§ PROBLEM TO SOLVE
The reply must consist of the complete listing, reproduced exactly, with no images included.

--- COLLECTED MATERIAL ---

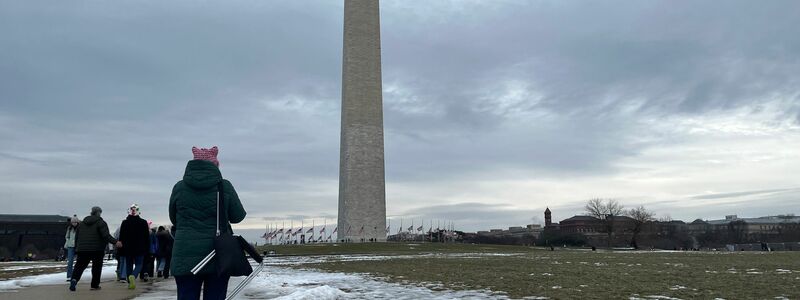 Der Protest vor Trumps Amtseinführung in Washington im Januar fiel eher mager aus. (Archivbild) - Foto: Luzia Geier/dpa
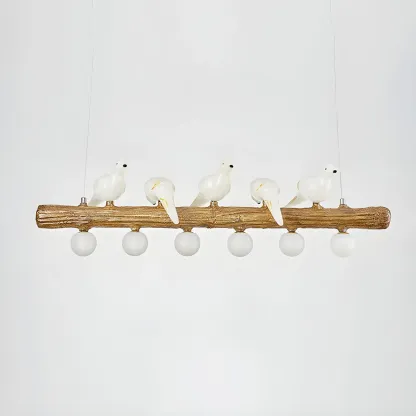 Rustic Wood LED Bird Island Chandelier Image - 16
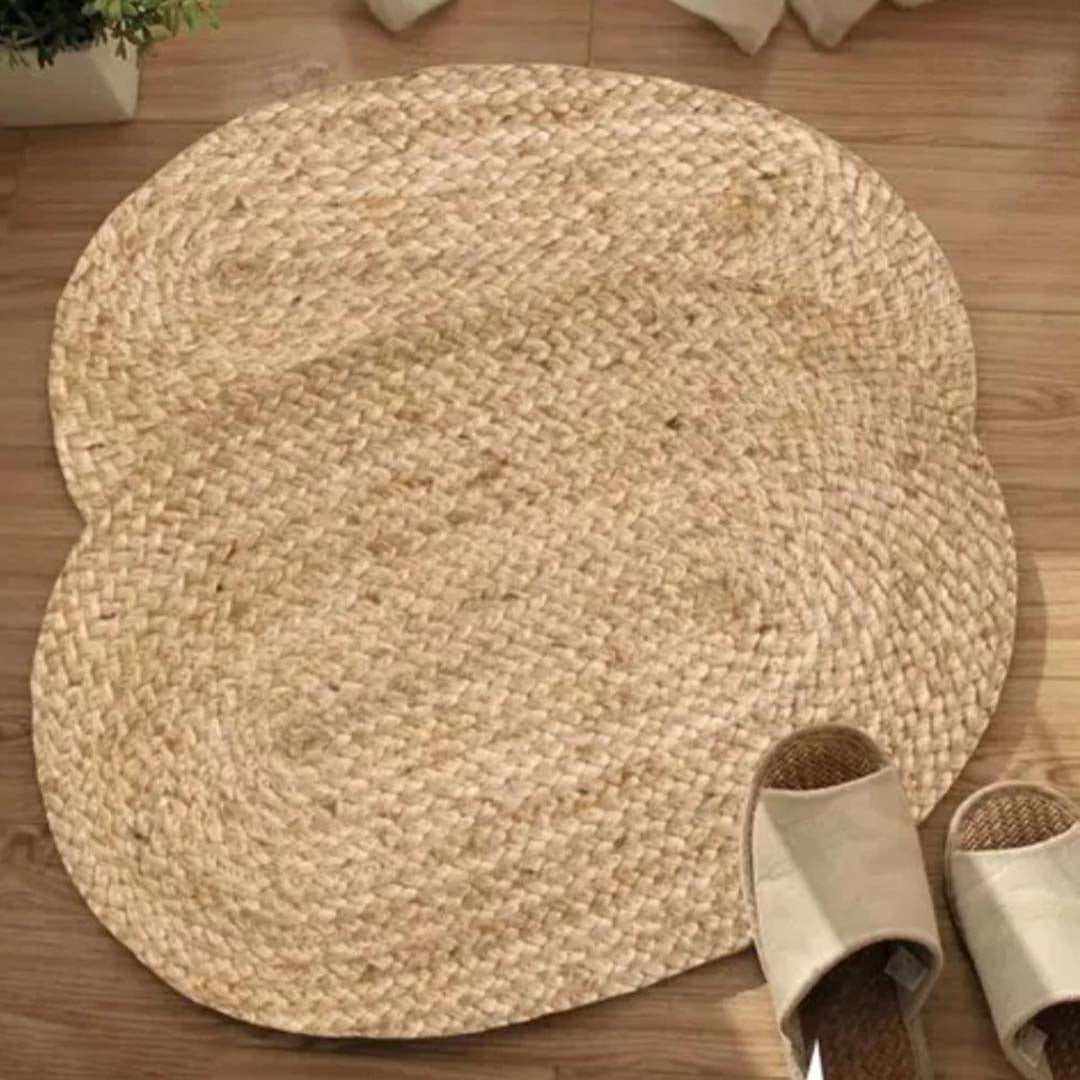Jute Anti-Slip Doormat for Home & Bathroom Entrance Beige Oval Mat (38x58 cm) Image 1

---

§ OUTPUT OF THE EXERCISE
 Der Protest vor Trumps Amtseinführung in Washington im Januar fiel eher mager aus. (Archivbild) - Foto: Luzia Geier/dpa
 Rustic Wood LED Bird Island Chandelier Image - 16
Jute Anti-Slip Doormat for Home & Bathroom Entrance Beige Oval Mat (38x58 cm) Image 1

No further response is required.